Arc 1: First Life (and First Death)
Chapter 6: Burns and Bandages
The next morning I woke up some time after ten, I turned to my left to look at the presence I felt beside me, and saw Almina setting a tray down on my bedside table. After she finished she looked up, saw me watching her again, and smiled at me, "you're awake Princess! Did you sleep well?" She asked cheerily.
'It's a relief to see Almina smiling again,' I smile back at her, "I slept very well, how are you?" To my surprise she seems to startle at my question, before she blushes and looks down, "Almina?" I question when she doesn't respond after a minute.

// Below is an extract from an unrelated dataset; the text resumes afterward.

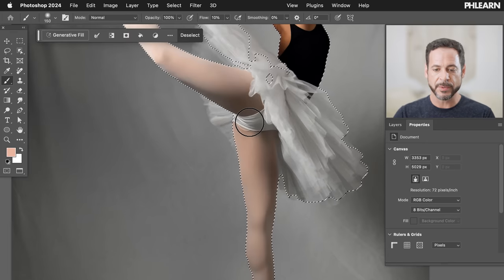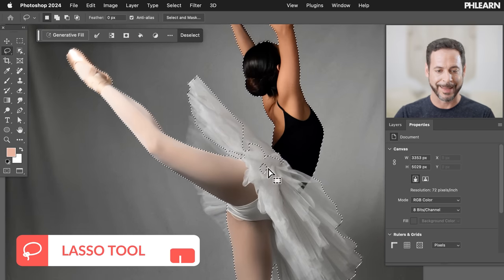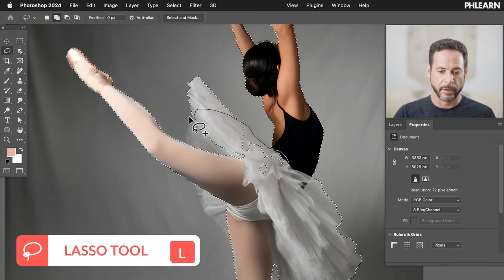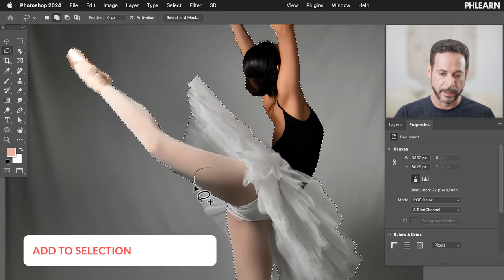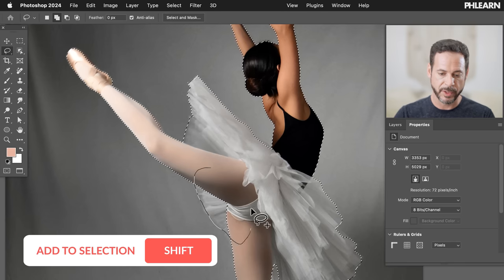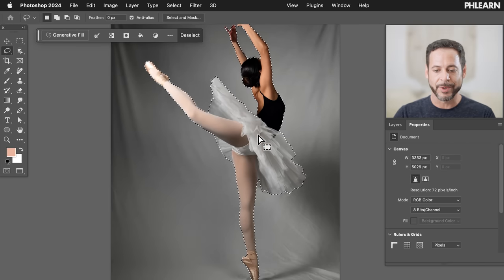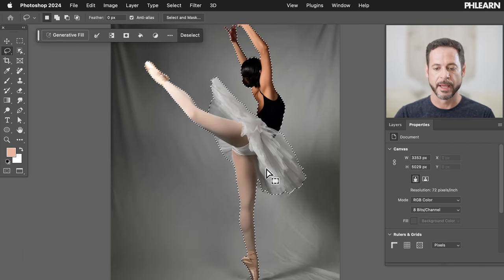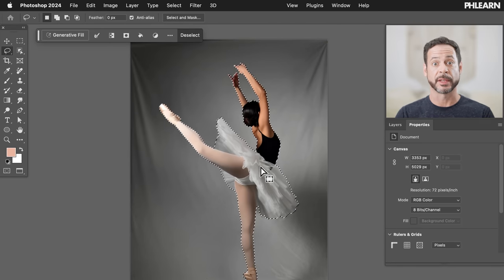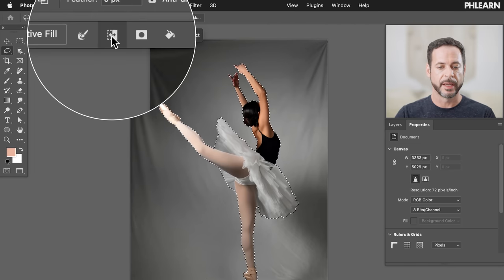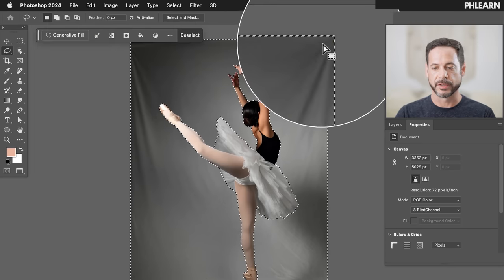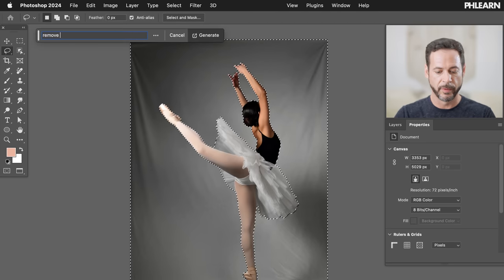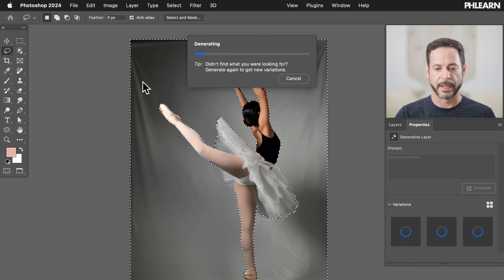Sometimes it'll miss a little bit of your subject — no big deal. We're going to hit L for our lasso tool, hold Shift, and then select the missing areas to make sure the entire subject is selected. I don't have to be incredibly precise. Now we're going to inverse our selection, and we can see the background is selected. We're going to click on Generative Fill and type in 'remove wrinkles,' then hit Enter.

She abruptly drops into a deep bow and almost shouts, "I am incredibly sorry for my conduct yesterday, it was inappropriate of me to act so recklessly in the presence of a recovering patient! I was overwhelmed with relief that you were okay, that you would be okay, and I let myself go crazy with my relief and joy, and failed to account for the fact that you were still tired and weak, and that you would be quite concerned when I started crying! I am so embarrassed that I put my own needs before yours, and I'm very sorry Princess!" I can hear the sincerity in her words, she is truly embarrassed of how she acted yesterday, even though I'm pretty sure that reaction is fairly normal when faced with the fact that someone you care about that nearly died is okay.
I quickly attempt to reassure her, "it's alright, Almina! I understand that you were under a large amount of stress from worrying about me while I was unconscious, I'm not mad at you for being relieved!" My voice drops a little in volume as I continue, "in fact, it's kind of nice to know that you care about me so much." I give her a shy smile.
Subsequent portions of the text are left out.